== Task to carry out ==
Output the records below again, precisely as they are written.
(Data section)
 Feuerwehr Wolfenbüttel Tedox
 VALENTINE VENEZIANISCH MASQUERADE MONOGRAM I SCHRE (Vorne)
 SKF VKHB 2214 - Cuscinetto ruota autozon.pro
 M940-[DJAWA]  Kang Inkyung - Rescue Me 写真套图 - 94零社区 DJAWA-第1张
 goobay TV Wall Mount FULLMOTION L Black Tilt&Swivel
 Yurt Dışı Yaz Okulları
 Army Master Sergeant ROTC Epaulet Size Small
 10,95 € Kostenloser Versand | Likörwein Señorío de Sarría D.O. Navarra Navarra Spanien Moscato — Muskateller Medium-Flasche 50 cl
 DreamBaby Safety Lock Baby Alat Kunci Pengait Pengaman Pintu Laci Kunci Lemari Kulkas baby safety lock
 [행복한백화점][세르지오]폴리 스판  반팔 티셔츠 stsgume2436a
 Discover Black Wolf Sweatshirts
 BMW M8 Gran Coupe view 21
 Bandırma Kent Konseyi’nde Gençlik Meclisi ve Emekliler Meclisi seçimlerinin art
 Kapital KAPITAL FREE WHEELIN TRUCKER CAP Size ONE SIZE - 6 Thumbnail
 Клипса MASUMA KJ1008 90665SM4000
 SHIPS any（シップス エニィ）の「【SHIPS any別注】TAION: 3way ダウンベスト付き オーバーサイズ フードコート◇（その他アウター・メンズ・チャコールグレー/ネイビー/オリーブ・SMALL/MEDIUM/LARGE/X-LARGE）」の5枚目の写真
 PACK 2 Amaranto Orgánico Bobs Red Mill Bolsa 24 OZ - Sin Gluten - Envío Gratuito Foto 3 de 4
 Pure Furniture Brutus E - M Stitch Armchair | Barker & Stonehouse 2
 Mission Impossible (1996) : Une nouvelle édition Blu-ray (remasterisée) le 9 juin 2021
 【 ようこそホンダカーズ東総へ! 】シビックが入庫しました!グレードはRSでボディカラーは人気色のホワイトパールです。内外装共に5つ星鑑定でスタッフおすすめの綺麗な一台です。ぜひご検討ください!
(End Data section)
== Output below ==
 Feuerwehr Wolfenbüttel Tedox
 VALENTINE VENEZIANISCH MASQUERADE MONOGRAM I SCHRE (Vorne)
 SKF VKHB 2214 - Cuscinetto ruota autozon.pro
 M940-[DJAWA]  Kang Inkyung - Rescue Me 写真套图 - 94零社区 DJAWA-第1张
 goobay TV Wall Mount FULLMOTION L Black Tilt&Swivel
 Yurt Dışı Yaz Okulları
 Army Master Sergeant ROTC Epaulet Size Small
 10,95 € Kostenloser Versand | Likörwein Señorío de Sarría D.O. Navarra Navarra Spanien Moscato — Muskateller Medium-Flasche 50 cl
 DreamBaby Safety Lock Baby Alat Kunci Pengait Pengaman Pintu Laci Kunci Lemari Kulkas baby safety lock
 [행복한백화점][세르지오]폴리 스판  반팔 티셔츠 stsgume2436a
 Discover Black Wolf Sweatshirts
 BMW M8 Gran Coupe view 21
 Bandırma Kent Konseyi’nde Gençlik Meclisi ve Emekliler Meclisi seçimlerinin art
 Kapital KAPITAL FREE WHEELIN TRUCKER CAP Size ONE SIZE - 6 Thumbnail
 Клипса MASUMA KJ1008 90665SM4000
 SHIPS any（シップス エニィ）の「【SHIPS any別注】TAION: 3way ダウンベスト付き オーバーサイズ フードコート◇（その他アウター・メンズ・チャコールグレー/ネイビー/オリーブ・SMALL/MEDIUM/LARGE/X-LARGE）」の5枚目の写真
 PACK 2 Amaranto Orgánico Bobs Red Mill Bolsa 24 OZ - Sin Gluten - Envío Gratuito Foto 3 de 4
 Pure Furniture Brutus E - M Stitch Armchair | Barker & Stonehouse 2
 Mission Impossible (1996) : Une nouvelle édition Blu-ray (remasterisée) le 9 juin 2021
 【 ようこそホンダカーズ東総へ! 】シビックが入庫しました!グレードはRSでボディカラーは人気色のホワイトパールです。内外装共に5つ星鑑定でスタッフおすすめの綺麗な一台です。ぜひご検討ください!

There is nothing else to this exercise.